No cenário internacional, a experiência da Islândia merece destaque. O Centro Tecnológico da Islândia (CTIC) desenvolve parcerias estratégicas com instituições culturais e fundos soberanos para digitalizar e valorizar o património imaterial, transformando-o num activo económico e turístico. Em Angola, um modelo semelhante poderia ser aplicado através do Fundo Soberano, em colaboração com o Ministério da Cultura e o Ministério do Turismo, digitalizando o património cultural material e imaterial para fins educativos, turísticos e de exportação cultural.

5. Propostas de Intervenção Estruturada

A defesa das marcas nacionais não pode limitar-se a acções isoladas ou reactivas.
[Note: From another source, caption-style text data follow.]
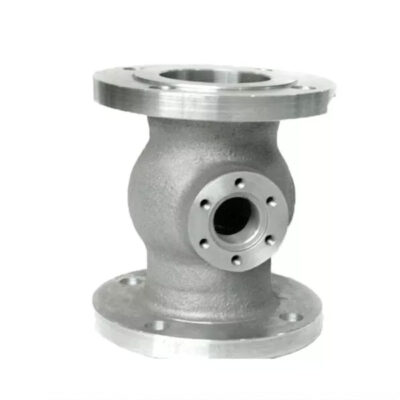 Valve Body Castings - product image 1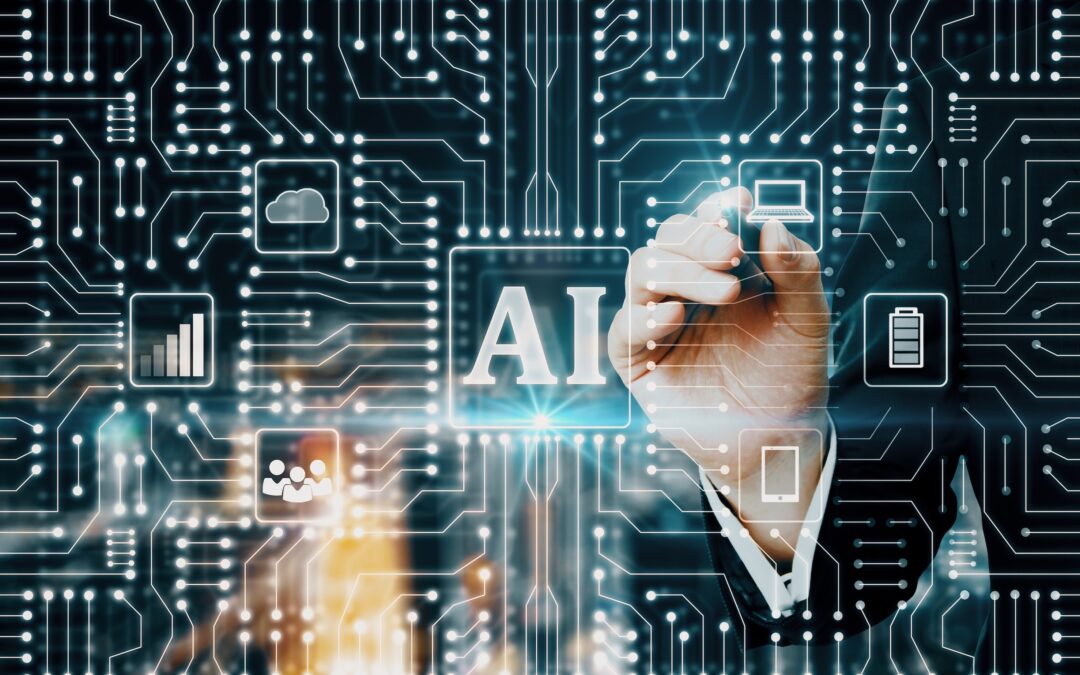 AI Tools Nonprofits Can Actually Use (Without Losing Their Humanity)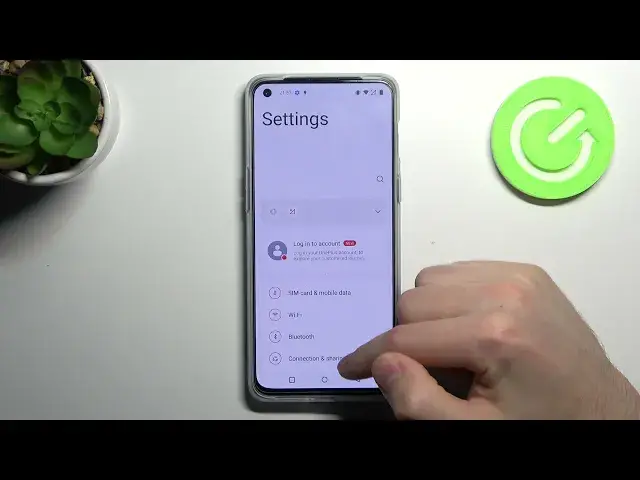 'Video thumbnail for How to Check Phone Model – OnePlus Nord 2 5G'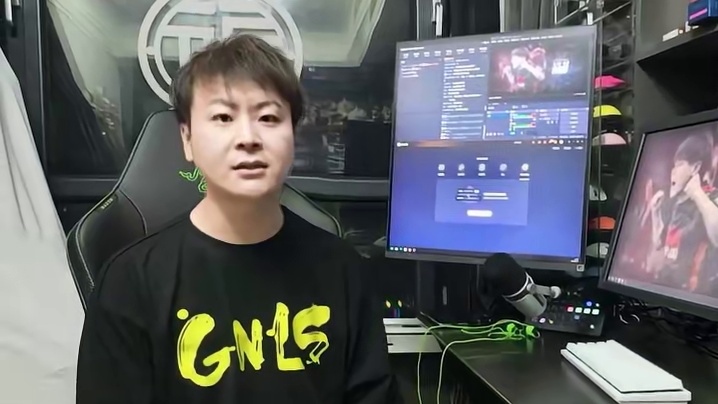 captainmo自用外设介绍#雷蛇 #cs #雷蛇键盘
É essencial a adopção de um plano estratégico integrado, com medidas concretas como:

1. Criação de incentivos fiscais, linhas de crédito e programas de apoio directo para criadores que registem e promovam marcas nacionais.
2. Implementação de um sistema de certificação “Feito em Angola” que valorize produtos e serviços com forte ligação ao capital cultural e às identidades regionais.
3. Orientação das compras públicas para a aquisição de bens e serviços criativos e inovadores de origem nacional, dinamizando a economia interna.
4. Inclusão de disciplinas sobre branding, marketing territorial e economia criativa nos programas de ensino superior e nos centros de inovação tecnológica.
5. Estreitamento da cooperação interministerial entre Cultura, Turismo, Indústria, Comércio e Finanças, evitando a duplicação de esforços e a fragmentação de políticas.
6. Reforço das acções de combate à contrafacção, com recurso a tecnologias avançadas e parcerias internacionais, nomeadamente com a EUIPO e com institutos nacionais de propriedade industrial de países de referência.

Finalmente, é importante referir, que proteger e valorizar as marcas angolanas é, acima de tudo, investir na própria alma do país. É preservar memórias colectivas, estimular a inovação, reforçar a competitividade e assegurar a soberania cultural e económica. Cada marca que conseguimos manter viva é um capítulo da nossa história que continua a ser escrito com orgulho e com identidade.

Se Angola deseja verdadeiramente caminhar para uma economia diversificada, resiliente e inclusiva, é urgente que as políticas públicas passem a reconhecer o valor das marcas como parte integrante do património estratégico nacional. Este capital intangível é tão relevante quanto os recursos naturais como o petróleo ou os diamantes, com a vantagem de ser renovável, sustentável e profundamente ligado à essência e ao espírito do povo angolano.